Today I am writing about the power to destroy that drug use has in our community. In Miami Dade county and Broward drug use is so rampant, especially among the youth of the community who constantly visit places like the downtown club district, the brick ell village area, coconut grove, and of course south beach where any night out usually includes drug use of some kind. This wide range use of drugs has led the county of Miami to become one of the largest consumers of drugs in the United States surpassing big cities like Chicago, Washington DC, Philadelphia, even New York at times in its drug use. It seems everywhere one goes in Miami there is a wide availability of illegal substances. Roxies, Exstacy, Meth, GHB, Cocaine, Ketamine, Xanex, abuse of prescription drugs, and countless others are available everywhere in the Miami club circuit and on the streets in areas such as south beach, grove, and the downtown design district where one just has to go over into the over town area to purchase right on the street.
Police are catching a lot of people but for everyone caught someone else begins a new in wanting to make fast money. It seems everyone is a dealer or knows someone who deals in this city... And the cost is staggering and crippling law enforcement, long plagued with cutbacks and staff firings and monetary problems due to budget constraints brought on by this economy which seems to only now be recovering. the City of Miami and Miami Beach are spending a fortune and huge parts of their budgets combating these problems by arresting and searching thousands of people in search of the magic answer in stopping these trends these neighboring cities. County charities like Camillas House are full of candidates and actual participants in the drug rehab programs and after care and assistance they offer, having zero beds available in most cases. It seems everywhere you find a new drug treatment and aftercare facility. Even everyday stores in this area are changing due to this increased drug activity.
Where as in other areas of the country you can still purchase butane lighters and torches and butane gas in Miami-Dade stores like Walmart, Home Depot, Radio Shack will not carry these items any longer due to their popularity with drug users who use them to smoke crack or meth, which is becoming Americas next big problem. Meth use has increased over 500 percent in recent times and has destroyed entire communities in the United States. Its use is now destroying and completely devestating Miami-Dade's drug users, who losse everything because of this drug. From theiur homes, cars, teeth, to their personal freedoms due to illegal activity in order to obtain the drug, meth is perhaps the most destructive of all the drugs that have sprung up recently.

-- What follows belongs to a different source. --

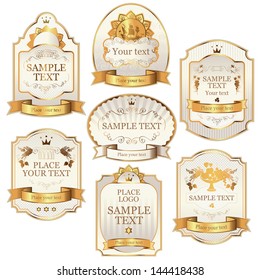 set of vector labels beige gold color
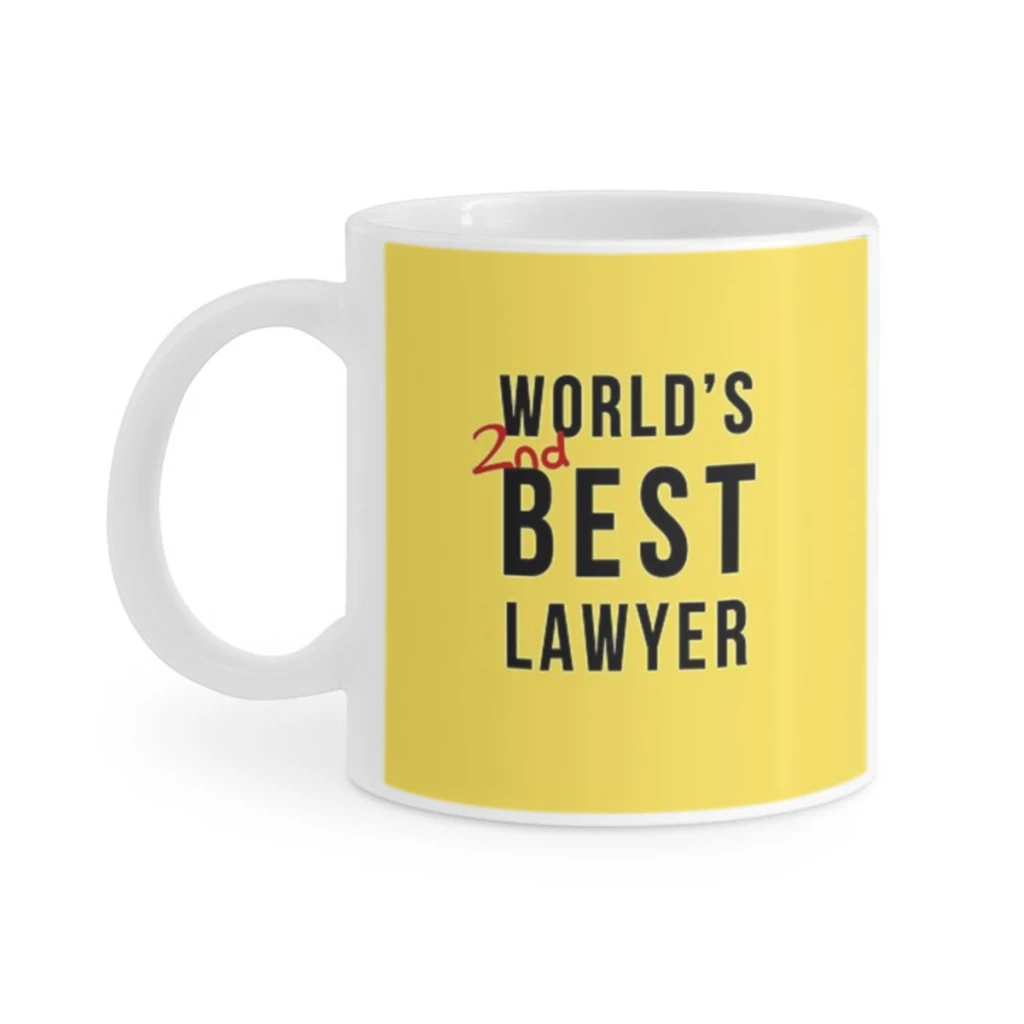 

Funny World's 2nd Best Lawyer Coffee Mug 11oz Fun Ceramic Coffee Tea Cocoa Cup Handle Tea Drink Cup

From its early non noticeable usage, Meth has now become Miami-Dade's most abused drug and its causing havoc in the county, causing a spike in crime and drug usage never before seen since the days of the wild cowboys during the Cocaine drug days of Miami, when even visiting the Miami area was considered a risk and all of our expressways and tourist streets had warning signs to stay away from certain areas.
Everyday Items banned from Sale in Miami-Dade
Home Depot/Walmart Torch(no longer sold by Walmart)
Butane Gas - No longer carried by Walmart, Walgreens, or CVS, in Miami-Dade
Radio Shack Torch - No longer sold in Miami-Dade
Average Butane fired lighter - No longer carried by Walmart, Walgreens, CVS, or gas stations in Miami-Dade
Even everyday items once sold freely in Miami-Dade are no longer available by big chains such as Bed Bath & Beyond, Crate & Barrel, Sears, Kmart, Macy's and the ones mentioned previously such as Walmart. One of the biggest examples is the creme broulet torch, long ago thought of a normal household item, now thought of a drug users tool in Miami-Dade and other high drug use counties i9n the United States.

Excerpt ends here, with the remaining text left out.